Identify polybutylene by its color and size: Blue, gray and black pipes in ½” to 1” diameters is common.
- Blue pipes were used outdoors for primarily cold water
- Gray and black were used interchangeably both outdoor and indoor.
Identify polybutylene by the stamping on the flexible plastic material.
- Much of it was manufactured by Qest.
- It may also say ASTM with a series of numbers.
- Polybutylene pipes’ most common imprint was PB2110.
Locate areas where polybutylene pipes were most often used.
- Outdoors near the main water shut-off valve, at the water meter and entering the home through the basement, concrete slab or crawl space, most often entering near the water heater. Often a copper pipe at a water meter will be attached to poly pipe somewhere underground, so it is wise to check both ends of the pipe. If the incoming pipe is a light blue plastic pipe, it is likely that you have a type of poly pipe informally called “Big Blue”. This pipe is extremely prone to failure and unexpected bursting. If you have this type of pipe as an incoming water supply line, it is recommended that you have it replaced as soon as possible.
- Indoors, remove panels under sinks and behind showers, tubs and toilets to expose the plumbing pipes. Are there copper or galvanized steel pipe and fittings from the wall to a plumbing fixture, connected to poly pipes behind the walls? Many properties have a combination of copper and poly pipes.
- Look for copper, aluminum or brass crimp fittings used to link pieces of polybutylene pipes to plumbing joints and fittings. Acetal fittings, a plastic resin often gray or white in color, were also used. If you see copper fittings on a pipe, it does not indicate that you do not have poly piping; the presence of these copper pipe fittings increases the likelihood that non-copper plumbing pipes are polybutylene.
Caution: Not all “plastic” pipes are PB (poly). If you do see plastic, it may be PEX, a perfectly suitable alternative for re-plumbing, which is less expensive than copper, especially since PEX is flexible and well adapted for temperatures below freezing all the way up to 200° F.
So you have poly, now what? During the inspection period (the first 10 days following acceptance of your offer), in addition to a full home inspection, get repair bids from one or more qualified poly replacement companies. Replacement entails abandoning all poly pipes and installing a new system. It’s not difficult, but it involves cutting some holes in the wallboard to gain access. Some companies include patching and repainting the walls, others just do the re-plumbing and leave the patching and painting to you, so be sure you know what is included in the bid. If there has already been damage to your home from a poly pipe leak, then the cost of re-piping and repairing your home will increase considerably.

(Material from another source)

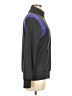Nike 100% Polyester Purple Black Pullover Sweater Size M - photo 4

The cost of replacement varies quite a bit from plumbing company to company, and with the quantity of water fixtures the house has. Average costs for PB-related home repairs are about $4,000, says Carl Triphahn of the Piping Industry Progress Education Trust, a contractor’s organization in Phoenix. Although replacement can be done at any time, it’s easier and less expensive if you replace it while the house is vacant.
If you know from the beginning there is poly in the home, you can include this repair in the terms of the purchase contract. If not, then it can be negotiated during the inspection period, as in “Seller to replace polybutylene plumbing…” The selling price may be adjusted for this, or not, and the cost wrapped into the mortgage amount.
Unlike most other home maintenance issues, delaying poly replacement may have devastating consequences. While pipe replacement is a “hidden” investment, it will increase the value of your home, unlike many other home improvements.